All the lines below need retyping exactly, apart from the images.

┌─ DATA SECTION

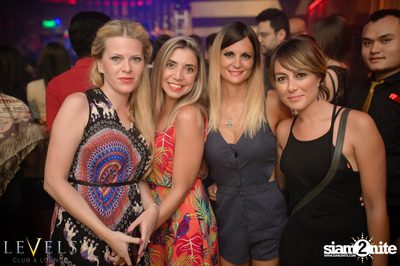 Ladies Night ที่ร้าน เลเวล, สุขุมวิท 11 — photo 52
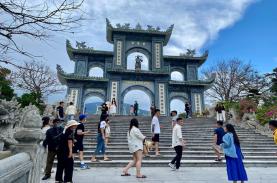 Chùa Linh Ứng Đà Nẵng nhộn nhịp đón khách du lịch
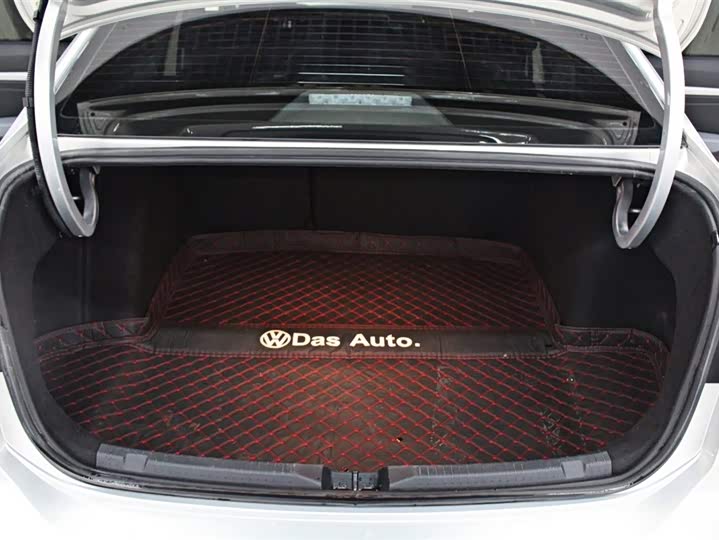 Фото 13 - Volkswagen Lavida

└─

:: FINISHED TASK ::
 Ladies Night ที่ร้าน เลเวล, สุขุมวิท 11 — photo 52
 Chùa Linh Ứng Đà Nẵng nhộn nhịp đón khách du lịch
 Фото 13 - Volkswagen Lavida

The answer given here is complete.